Ginkgo/Deleatur, en cours de réédition illustrée de cette oeuvre monumentale, est à saluer pour sa contribution salvatrice.

-Jérôme est un autre livre phénoménal, que j'ai pu goûté dernièrement.
Il ne peut se lire impunément si j'ose dire. On pénètre dans le monde oppressant de Jérôme Bauche corps et âme, avec la crainte de ne jamais en ressortir indemme.
Il faut dire que Jean-Pierre Martinet a habité son personnage principal de tourments insondables. Il ne refuse aucune audace, aucun délire pour que le lecteur ne soit plus un spectateur, mais bien l'incarnation complète de cet homme de deux mètres et de cent cinquante kilos.
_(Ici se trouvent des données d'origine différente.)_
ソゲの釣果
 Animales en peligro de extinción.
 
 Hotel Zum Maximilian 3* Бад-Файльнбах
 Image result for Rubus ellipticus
Pour la prochaine saison, j'aurais la tâche ô combien ardue de rédiger, après relecture , une chronique qui rende hommage à cet auteur admirable, que les éditions Finitude nous proposent de redécouvrir. D'ici là, je vous invite à vous délecter de la chronique audio que Nikola a faite à ce sujet.

La taverne reste ouverte tout l'été et espère vous retrouver encore plus enthousiastes à la rentrée. Je tiens à remercier tous ceux qui ont réagi aux différents billets de l'année, ou ceux qui ont pris simplement le temps de les découvrir.